I started this blog with three primary messages to bring to the public. The Big 3 were often lost in the noise of the various controversies and viral events that came from this site. But to recap, here they are:

1. The full-body backscatter radiation scanners used to view nude images of passengers in private rooms were useless– a complete waste of taxpayer money. The TSA was lying to the public about the efficacy of those scanners; all of us TSA screeners on the floor were aware of their flaws. They were a blatant and unwarranted infringement upon people’s privacy. Within a few weeks of this site first gaining media attention, the TSA canceled its contract with Rapiscan, and officially began phasing out the full-body backscatter radiation scanners. Coincidence? Maybe. As I’ve said before, I leave that up to the reader to decide.

2. There are bad TSA screeners out there, as the public so often gets word of, but there are also good TSA screeners out there. Those on the inside of the TSA– those workers who are actually out on the checkpoint floor day in and day out– know that the central problem is that the TSA’s work culture and structure is one that encourages bad screeners to cling to the job, and makes good screeners want to quit as soon as possible. The TSA’s annual recertification system is a large part of the problem.

And finally:

3. The TSA’s SPOT program, also known as the Behavior Detection Program, is another sham.

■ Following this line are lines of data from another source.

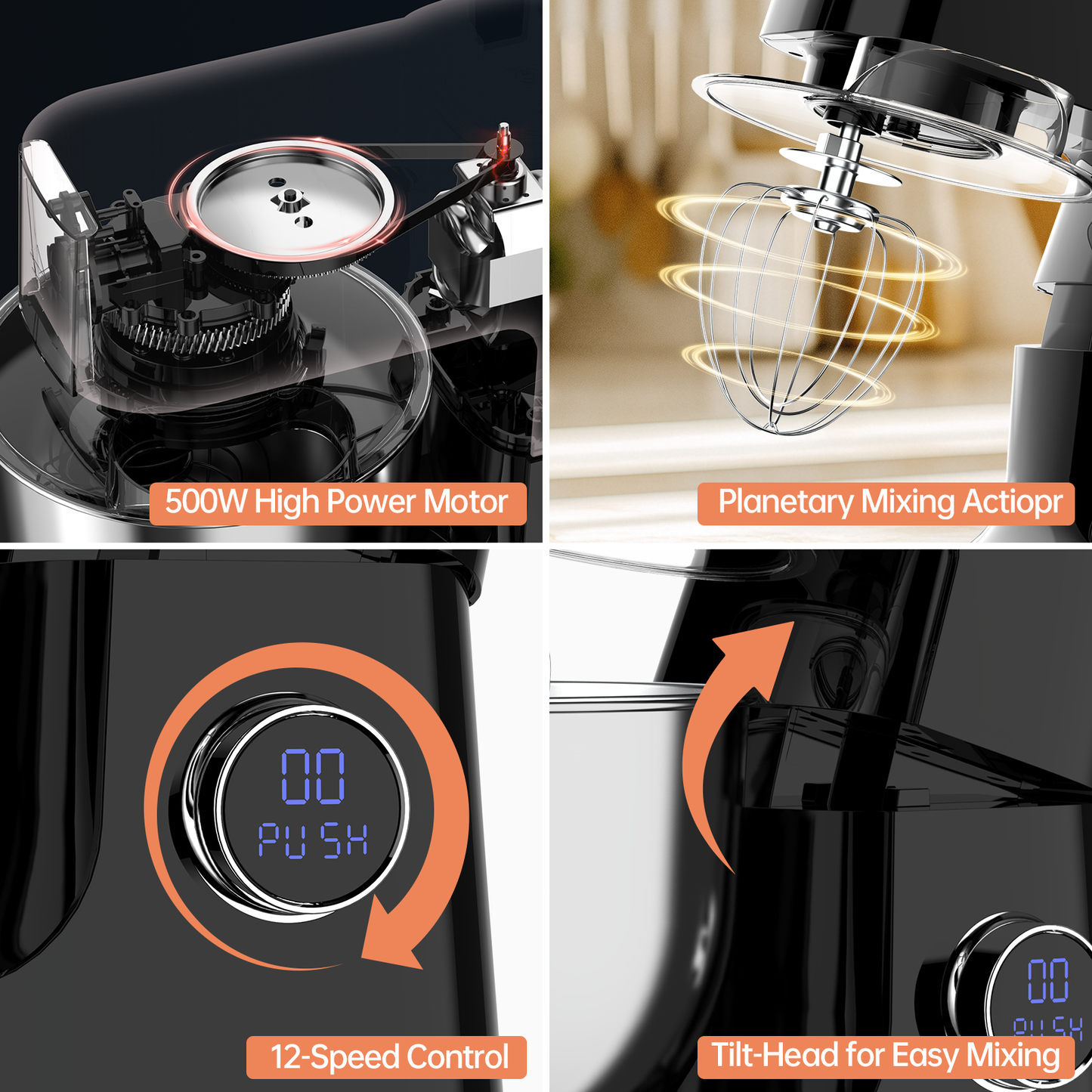 Yumystori Stand Mixer, 12 Speed 6.5 Quart Tilt-Head Kitchen Electric Food Mixer with Beater, Dough Hook and Wire Whip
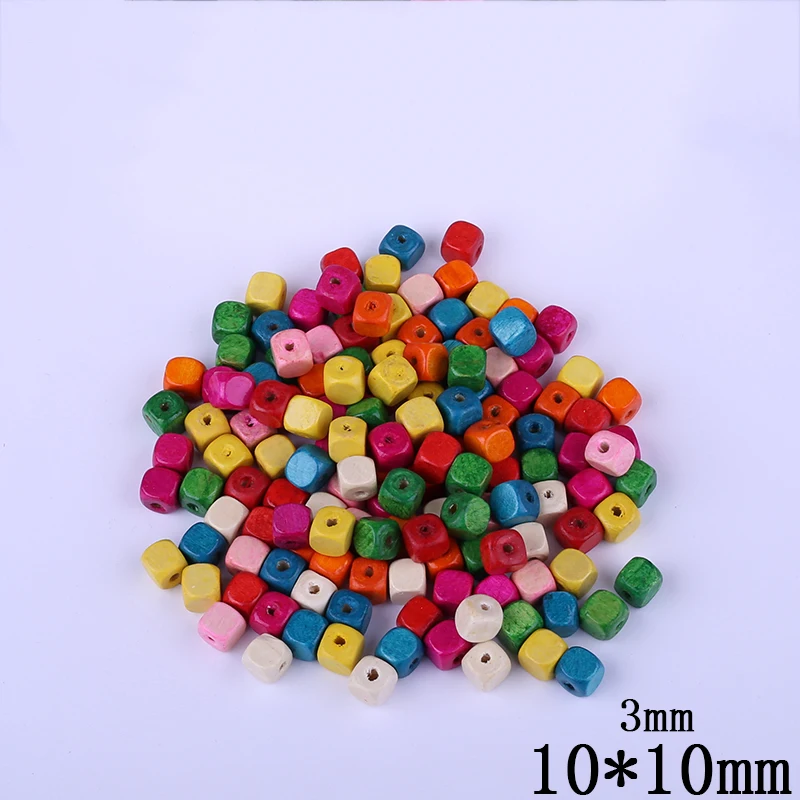 Size 10mm Multi Color Natural Wooden Square Beads 100pcs/Lot Straight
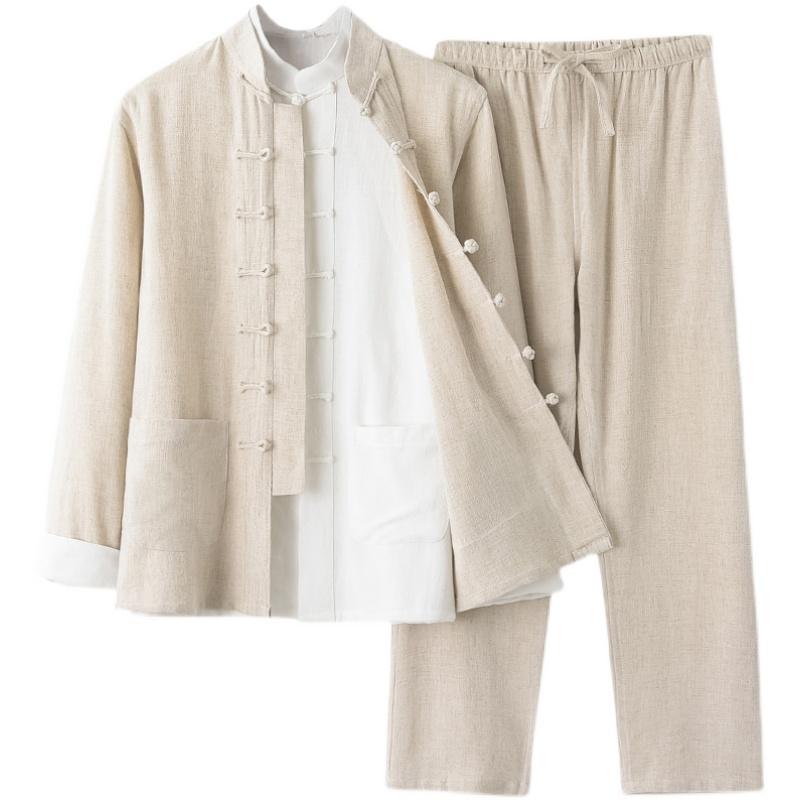 メンズ ファッション トップス カットソー シャツ スーツ セット ロング パンツ ズボン レトロ チャイナ風 唐装 男性 漢服 カジュアル 長袖 薄手 夏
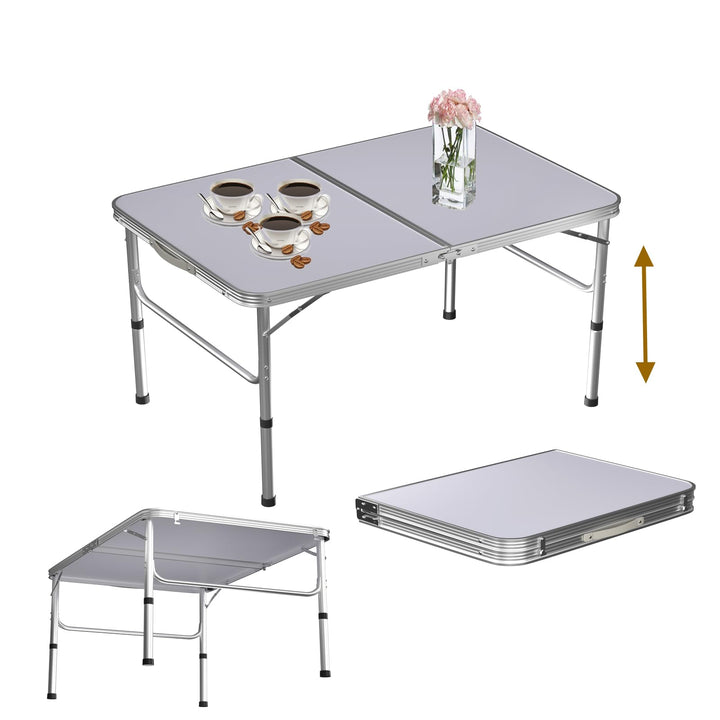 Heavy Duty Klapptisch 90cm/3ft Einstellbare Höhe Picknick Tisch Tragbarer Outdoor Camping Tisch für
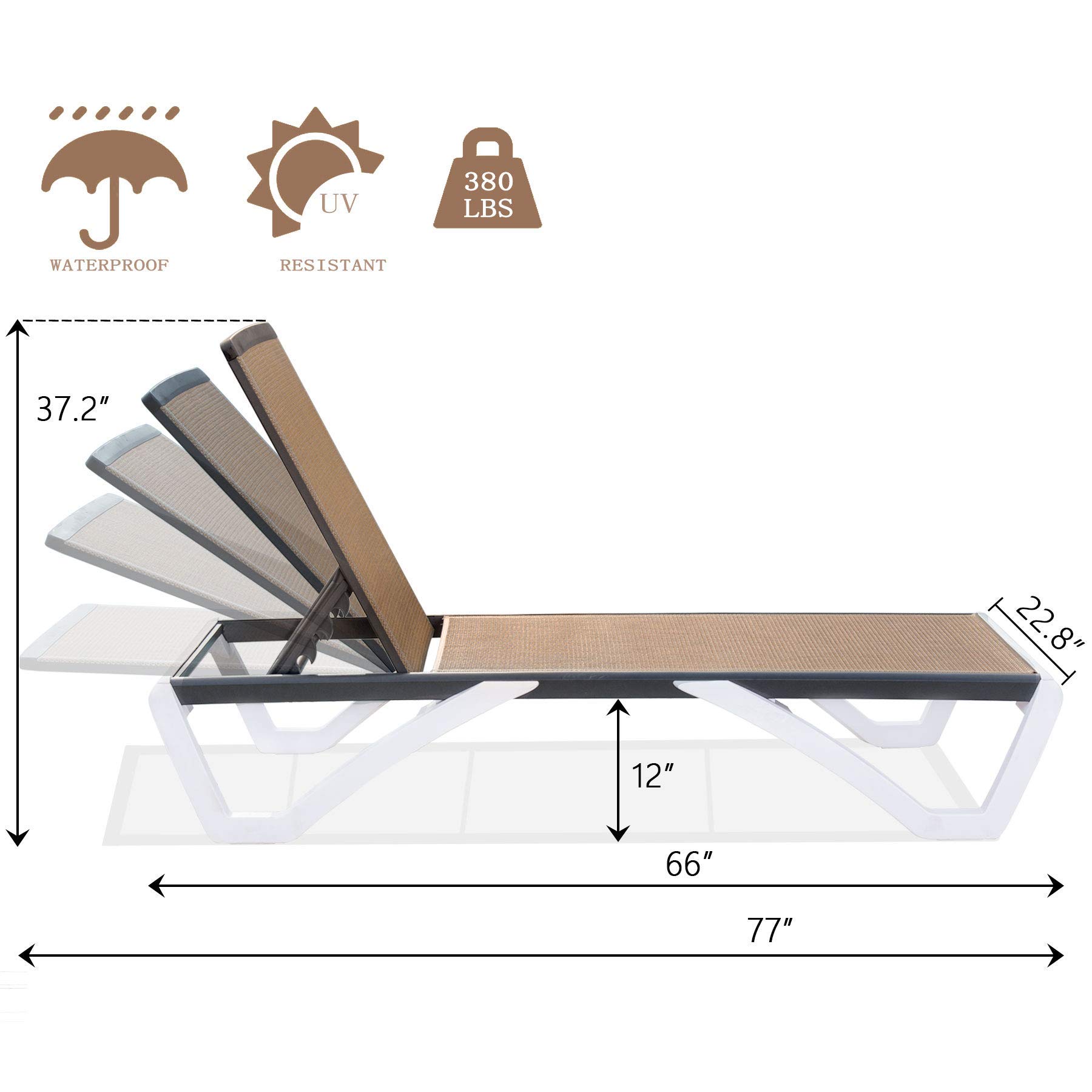Domi Adjustable Aluminum Pool Lounge Chair - All-Weather Textilene Outdoor Chaise Lounge for Deck, Lawn & Backyard (Brown) | Perfect for Poolside Relaxation, Sunbathing & Patio Lounging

Number 1 has been addressed by the TSA in many ways, as they were caught with their pants down in regard to the radiation scanners. Number 2 is an issue that the public still hasn’t taken notice of, and probably never will, since it’s not the kind of issue that’s conducive to splashy headlines. And now, at long last, number 3 is grabbing headlines, with the ACLU’s lawsuit against the TSA in regard to its SPOT program, and the release of documents detailing some of the absurd, headline-friendly details of that program. In the media and government game, the key to getting important information to the public is a headline-worthy aspect to the story. It is an unfortunate reality, but reality nonetheless.

So I’ll say it again, for about the sixth time since this blog’s publication: many of us have been trying to tell the public for years that the TSA’s Behavior Detection Program is useless and unnecessarily compromises people’s rights. Now it seems the broader population may have finally taken notice. I encourage you to read this article I wrote about it, almost two years ago, if you haven’t already.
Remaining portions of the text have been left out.